- Your instructions -
Instruction for the entries that follow: retype exactly the lines from the line with "Realme GT 5G" to the line with "ALTINOR(アルティノル)コードレスブレンダー", both included, and omit all others.

======== Given data ========

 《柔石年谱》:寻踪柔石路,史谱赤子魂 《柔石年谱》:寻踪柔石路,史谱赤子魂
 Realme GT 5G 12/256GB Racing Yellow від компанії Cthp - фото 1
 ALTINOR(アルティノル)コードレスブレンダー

========
======== Given data ========

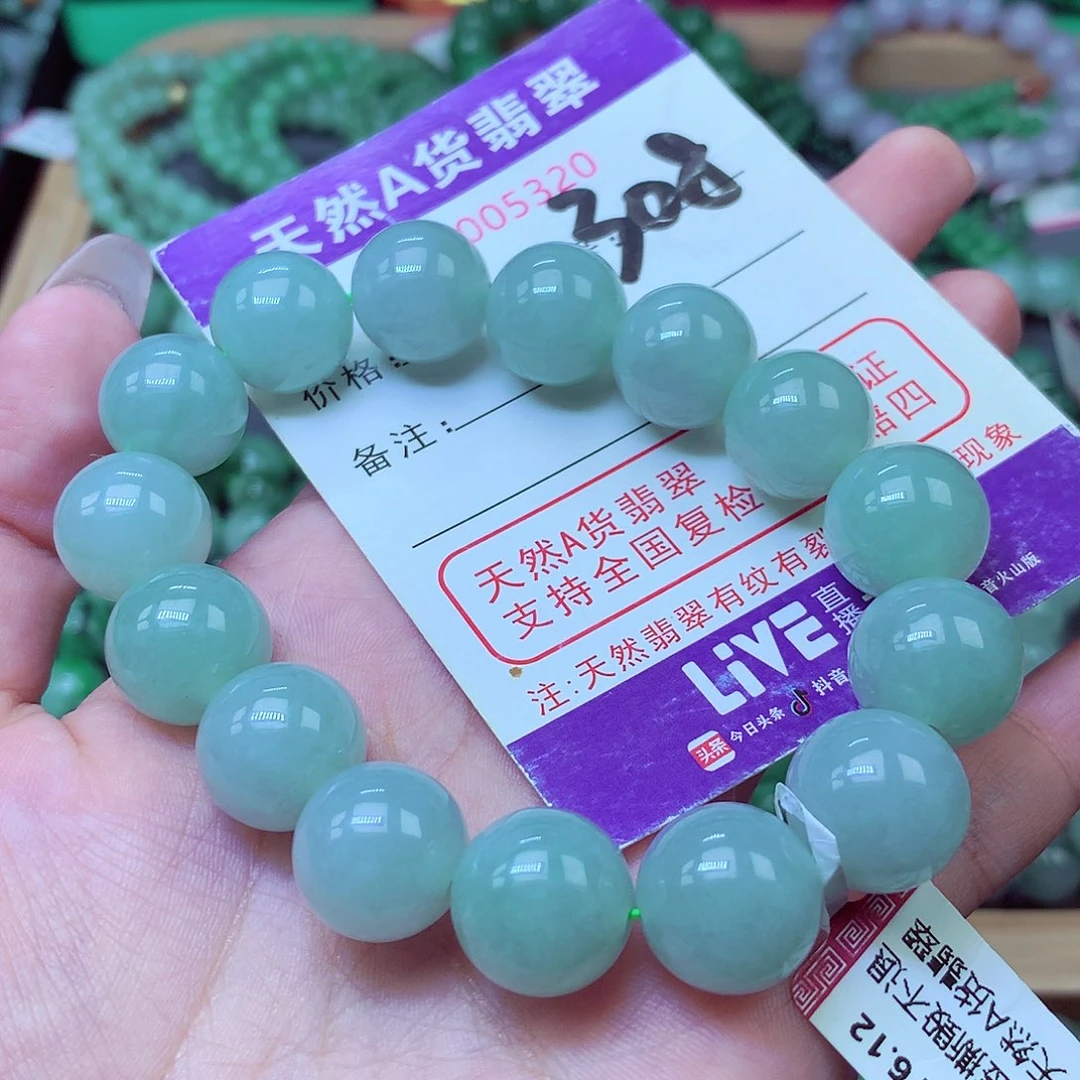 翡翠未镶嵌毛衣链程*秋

========

- Result of the task -
 Realme GT 5G 12/256GB Racing Yellow від компанії Cthp - фото 1
 ALTINOR(アルティノル)コードレスブレンダー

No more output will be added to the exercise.